§ **Exercise**
Repeat, exactly as written, all of the entries, but not their pictures.

§ **Dataset entries**
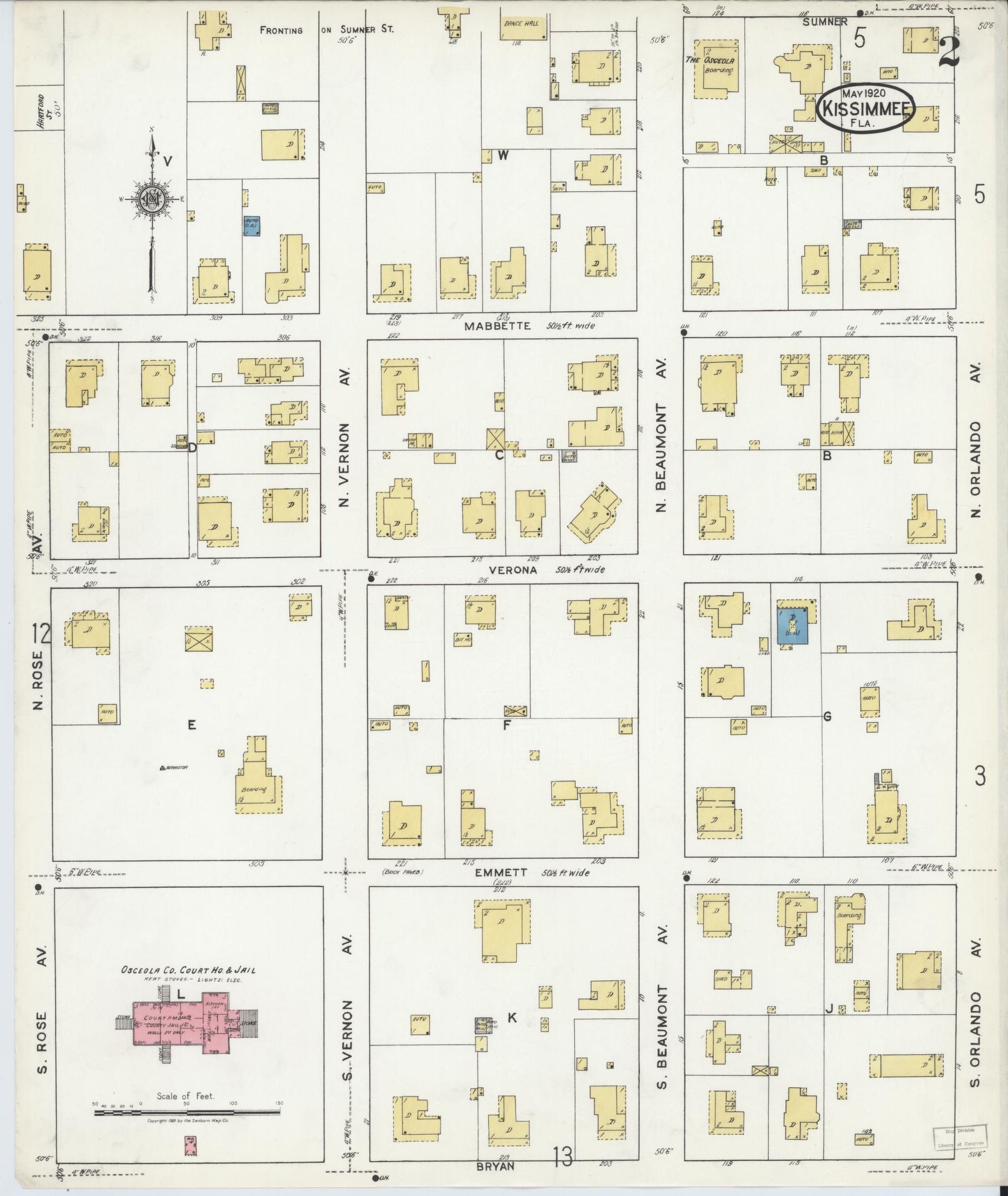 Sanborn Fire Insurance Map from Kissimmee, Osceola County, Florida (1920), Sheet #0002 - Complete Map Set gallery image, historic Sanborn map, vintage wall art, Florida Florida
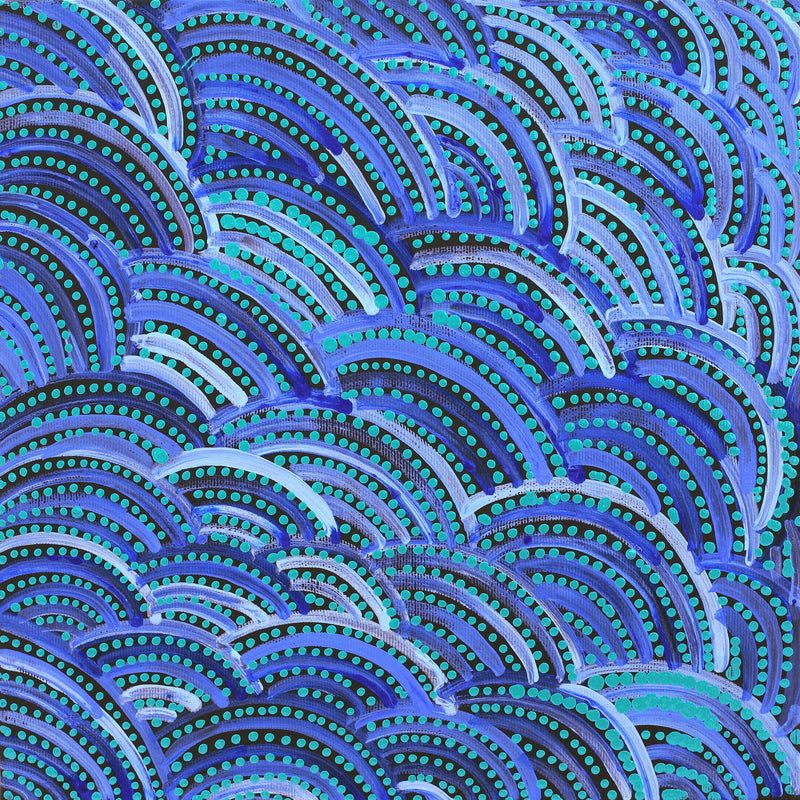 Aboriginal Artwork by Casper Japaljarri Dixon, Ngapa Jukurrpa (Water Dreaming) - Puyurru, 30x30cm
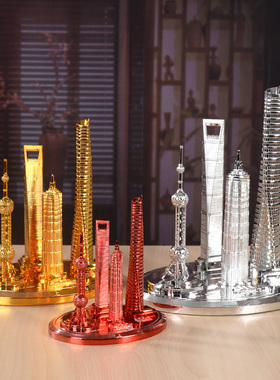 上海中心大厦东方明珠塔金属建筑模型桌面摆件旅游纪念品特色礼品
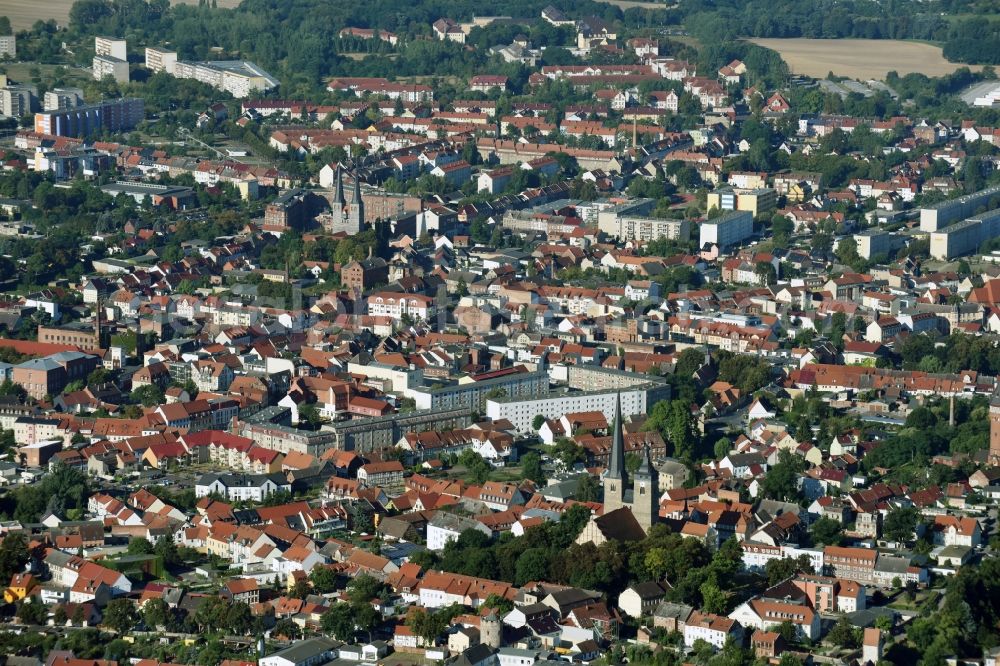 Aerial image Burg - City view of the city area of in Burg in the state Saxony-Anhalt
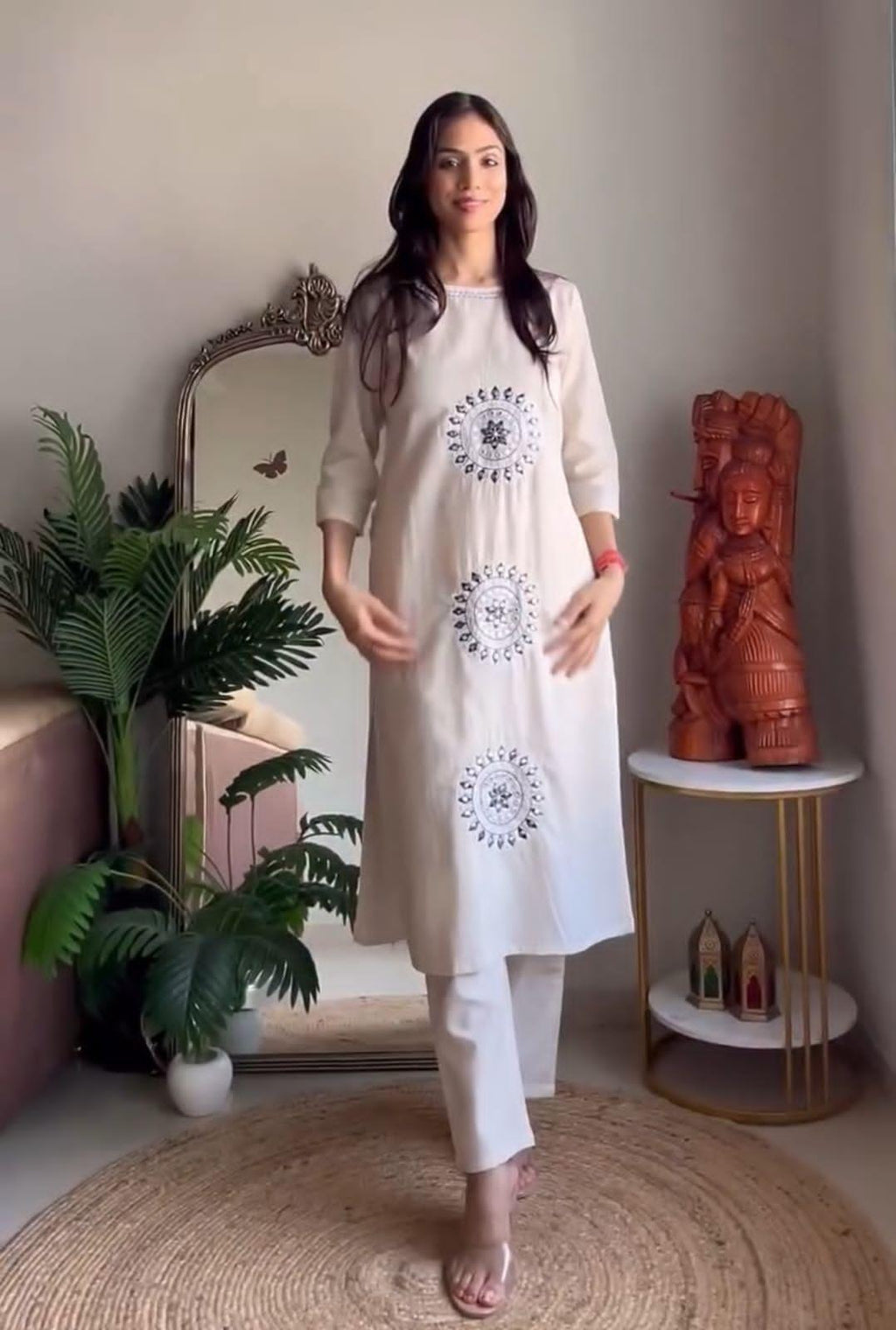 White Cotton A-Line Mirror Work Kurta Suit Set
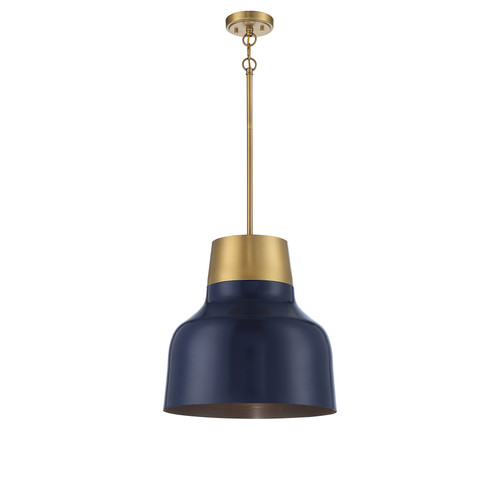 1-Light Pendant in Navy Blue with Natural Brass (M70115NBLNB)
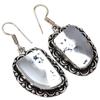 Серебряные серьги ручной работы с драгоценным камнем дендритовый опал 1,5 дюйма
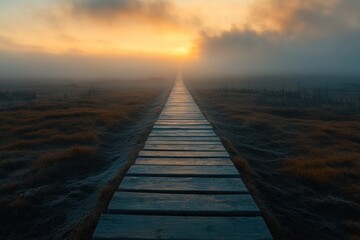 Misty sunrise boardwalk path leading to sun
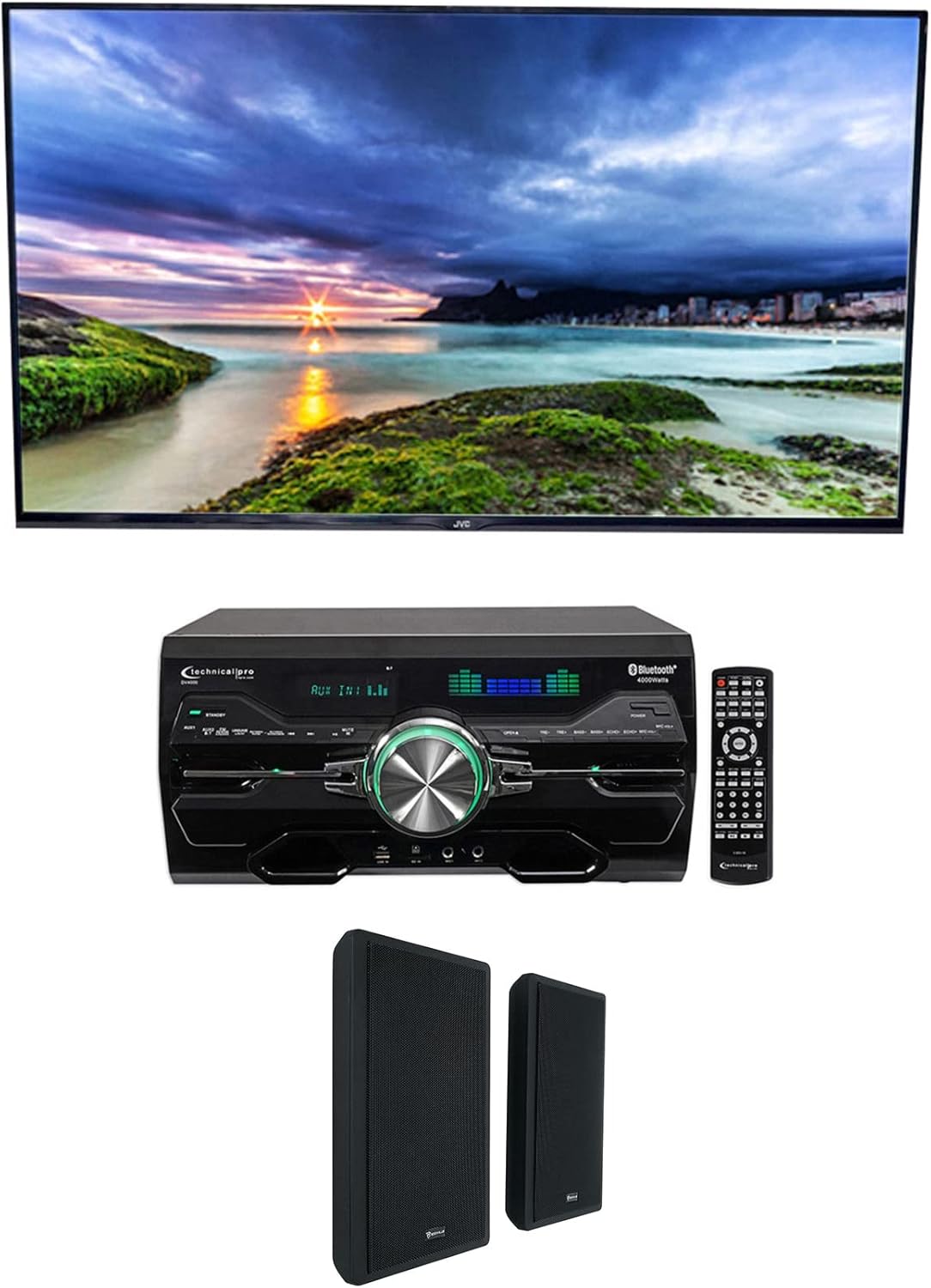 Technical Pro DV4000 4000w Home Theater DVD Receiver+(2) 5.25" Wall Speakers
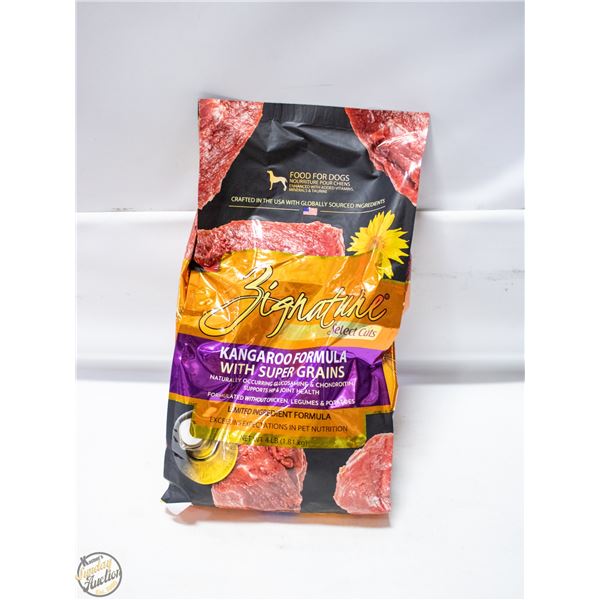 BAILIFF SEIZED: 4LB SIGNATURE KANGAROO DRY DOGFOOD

§ **Response below**
 Sanborn Fire Insurance Map from Kissimmee, Osceola County, Florida (1920), Sheet #0002 - Complete Map Set gallery image, historic Sanborn map, vintage wall art, Florida Florida
 Aboriginal Artwork by Casper Japaljarri Dixon, Ngapa Jukurrpa (Water Dreaming) - Puyurru, 30x30cm
 上海中心大厦东方明珠塔金属建筑模型桌面摆件旅游纪念品特色礼品
 Aerial image Burg - City view of the city area of in Burg in the state Saxony-Anhalt
 White Cotton A-Line Mirror Work Kurta Suit Set
 1-Light Pendant in Navy Blue with Natural Brass (M70115NBLNB)
 Серебряные серьги ручной работы с драгоценным камнем дендритовый опал 1,5 дюйма
 Misty sunrise boardwalk path leading to sun
 Technical Pro DV4000 4000w Home Theater DVD Receiver+(2) 5.25" Wall Speakers
 BAILIFF SEIZED: 4LB SIGNATURE KANGAROO DRY DOGFOOD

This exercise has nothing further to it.